Directions for this task
Print exactly the lines below between the line containing "Reihenwerkbank, Tiefe 750" and the line containing "Wantek Wireless Headset", counting both of those lines. Leave pictures out.

Dataset entries
——
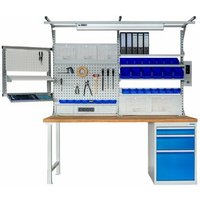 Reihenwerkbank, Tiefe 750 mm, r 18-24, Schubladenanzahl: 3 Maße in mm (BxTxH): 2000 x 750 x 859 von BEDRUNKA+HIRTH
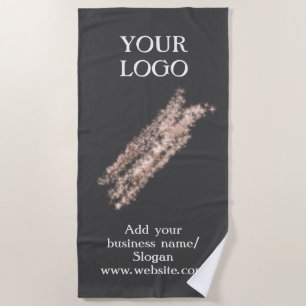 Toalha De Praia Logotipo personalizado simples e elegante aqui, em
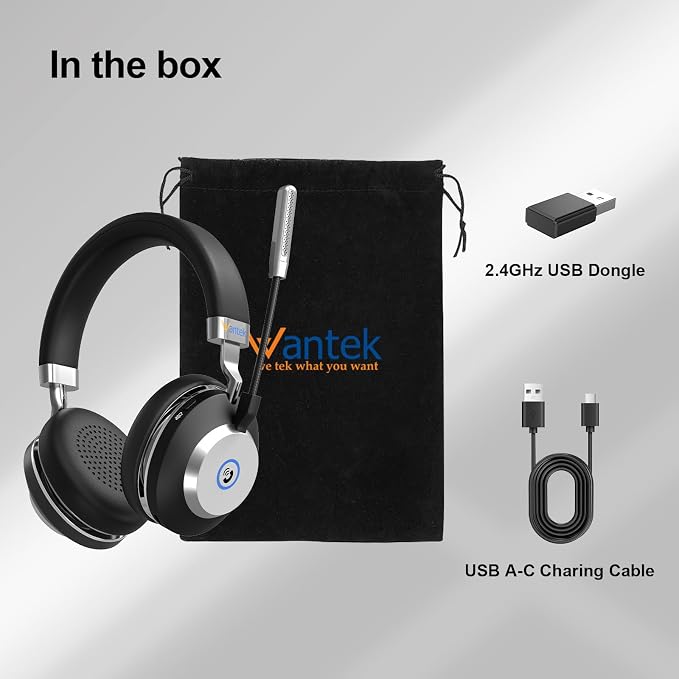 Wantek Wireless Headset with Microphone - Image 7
——
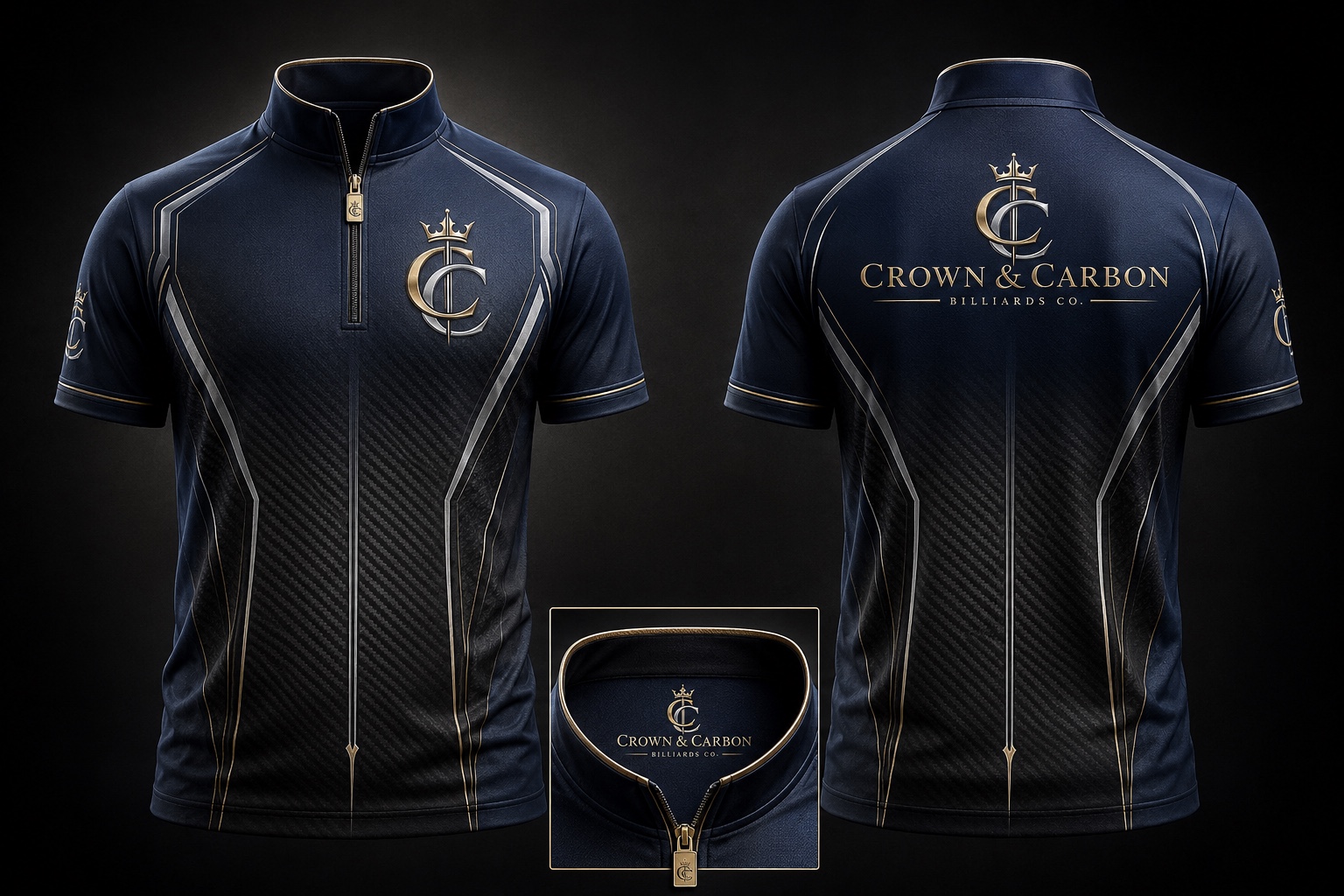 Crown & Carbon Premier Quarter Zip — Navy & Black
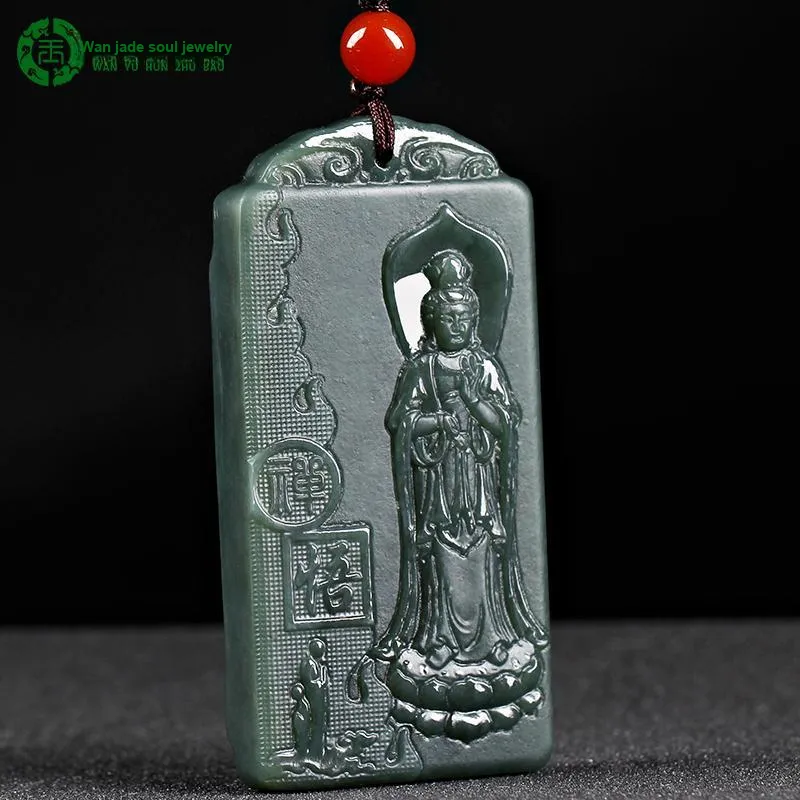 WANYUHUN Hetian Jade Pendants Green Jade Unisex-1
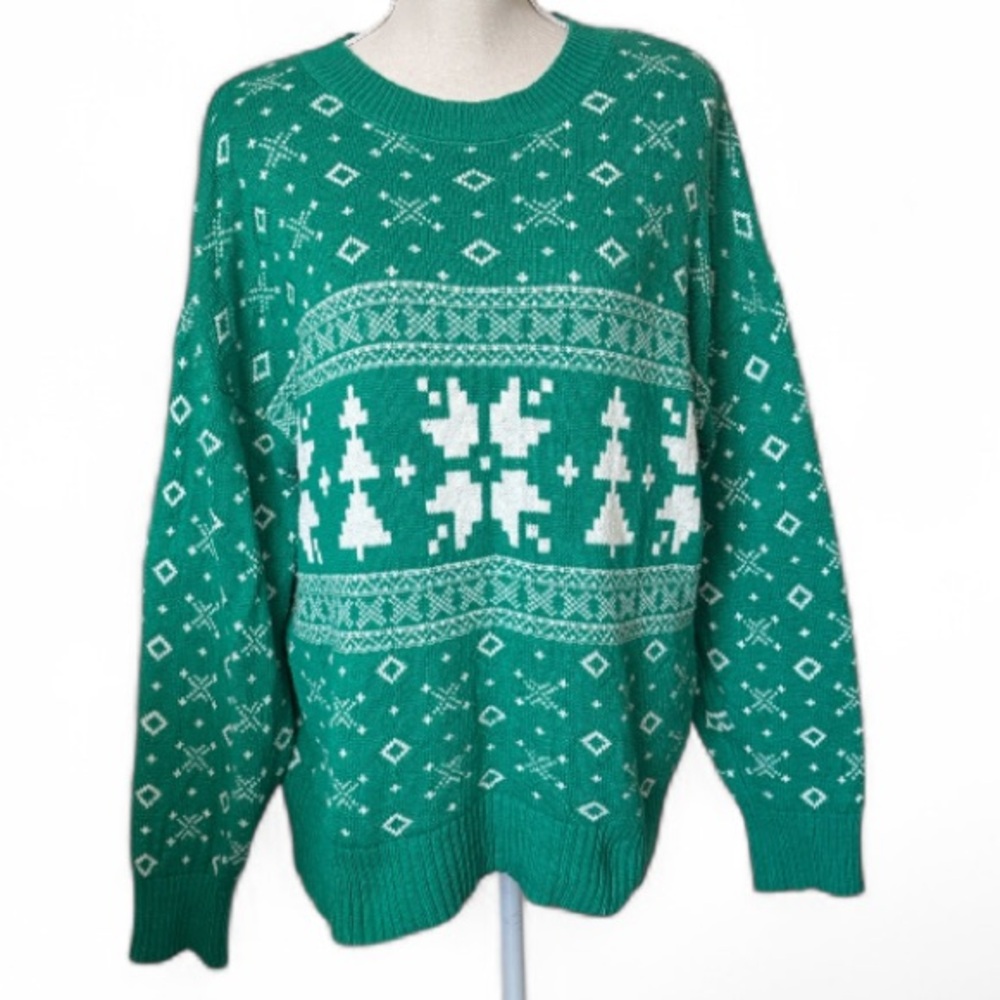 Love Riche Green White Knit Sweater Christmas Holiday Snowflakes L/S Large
——
Answer box
 Reihenwerkbank, Tiefe 750 mm, r 18-24, Schubladenanzahl: 3 Maße in mm (BxTxH): 2000 x 750 x 859 von BEDRUNKA+HIRTH
 Toalha De Praia Logotipo personalizado simples e elegante aqui, em
 Wantek Wireless Headset with Microphone - Image 7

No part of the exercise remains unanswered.